A LIFE-saving milestone was reached in Minehead this week as the town saw the activation of its 20th public access defibrillator.

Residents in the Staunton Road and Chestnut Way neighbourhood collaborated with Tesco’s Minehead store to install a defibrillator on the corner of Callins View.

The initiative was championed locally by residents Jennie Norris and Kat Cross.

Minehead Community Defib Group (MCDG) chairman Richard Newton said: “We are thrilled to see our community rallying together to ensure the safety and well-being of all residents.

“With 20 public access defibrillators now operational in Minehead, we are profoundly grateful to Jennie for her keen insight and determination, to Kat for graciously hosting the installation on her property, and to Tesco Minehead for their invaluable support.”

Funding for the latest defibrillator installation came from Tesco’s Blue Token Scheme, where customers in different branches vote to support local good causes, and was supplemented by contributions from residents through a dedicated online JustGiving fund-raising page.

Mr Newton said the initiative began with a concern by Ms Norris sparked by a free public training workshop organised by the charity last summer.

Her inquiry about the need for a defibrillator in the Staunton Road/Chestnut Way area prompted a neighbourhood effort to make it a reality.

Working with MCDG she spearheaded a fund-raising campaign, rallying neighbours to donate to the cause.

Mr Newton said the milestone underscored the power of community collaboration and highlighted the proactive spirit of residents in safeguarding lives and fostering a ‘resilient, caring community’.

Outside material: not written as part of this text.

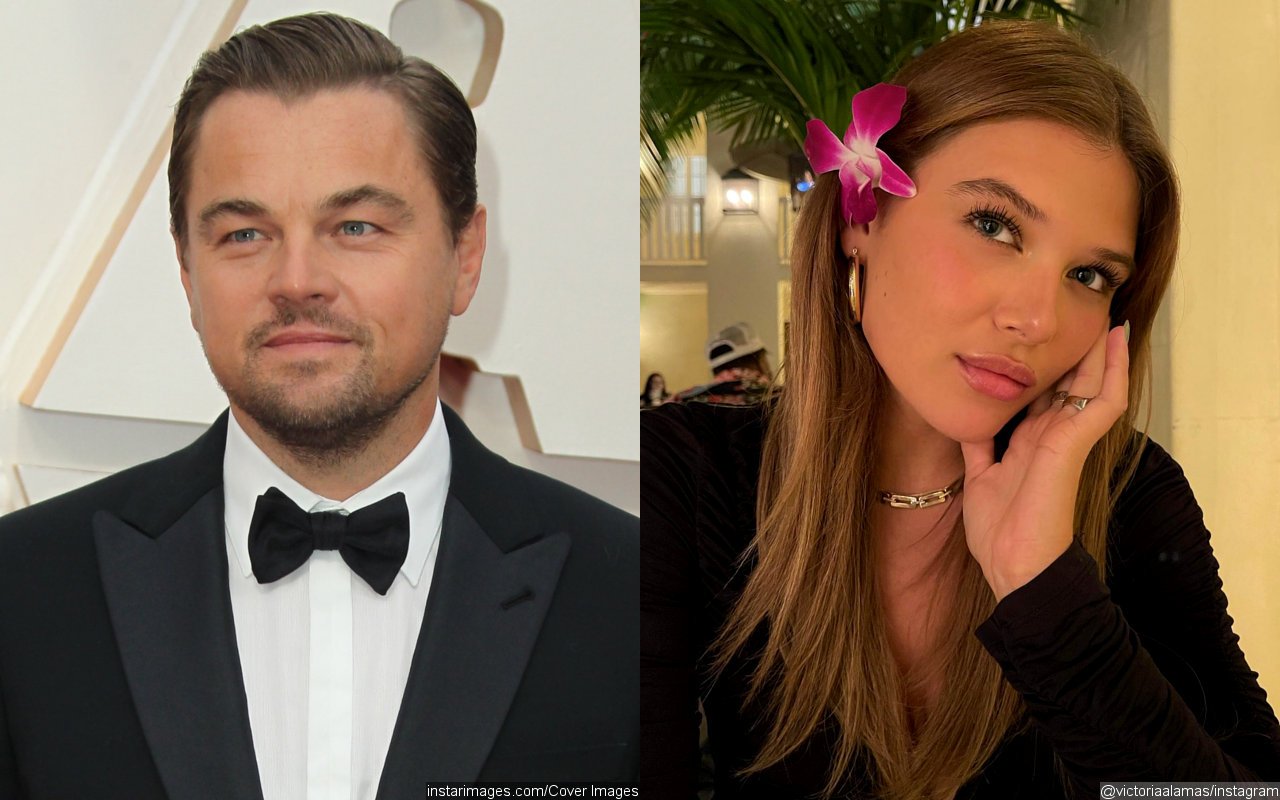 Leonardo DiCaprio and Victoria Lamas Not Dating Despite Cozy Dinner Date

MCDG is a charity with a board of trustees who, along with a small group of volunteers, raise funds to place life-saving public access defibrillators in Minehead.

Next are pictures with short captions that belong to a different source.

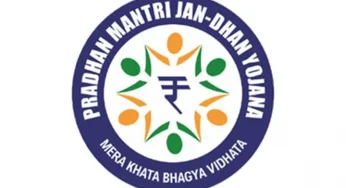 48 crore Indians enrolled in Rs 2 Lakh accident insurance under PMSBY: Finance Ministry
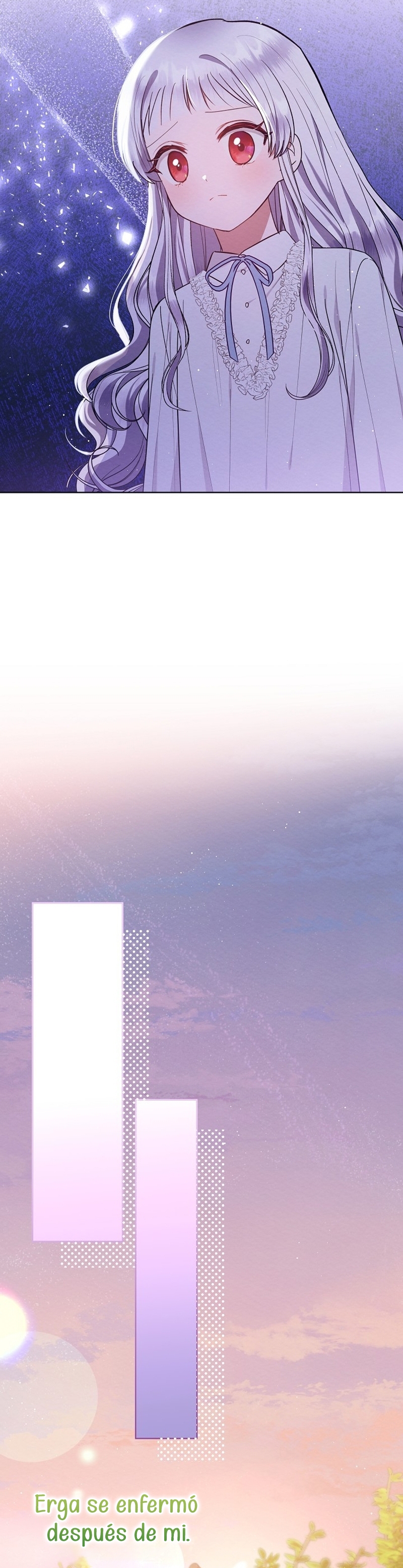 La pequeña señora es una vengadora Capítulo 42 - Página 23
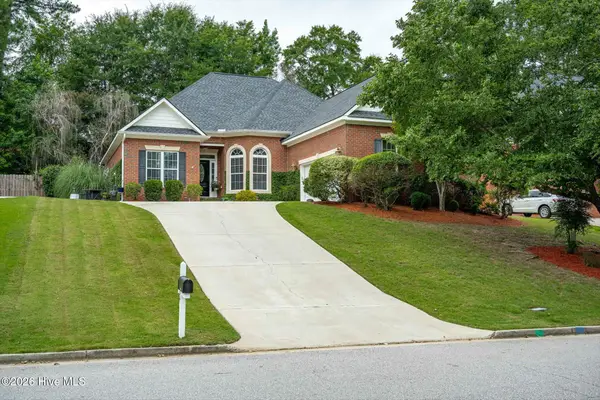 1104 Waltons Pass, Evans, GA 30809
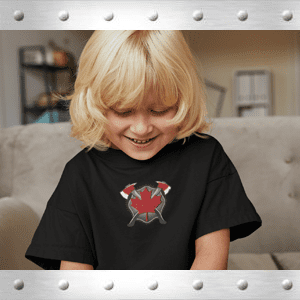 Fireground Apparel Co.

It also offers free training workshops on basic life support skills and how to use a public access defibrillator.

Defibrillators typically cost up to £3,000 and send an electric shock when somebody is suffering a potentially abnormal heart rhythm to allow it to return to normal.

In a 999 call, an access code is given to allow a defibrillator to be unlocked and the machine will ‘talk’ the user through how to work it.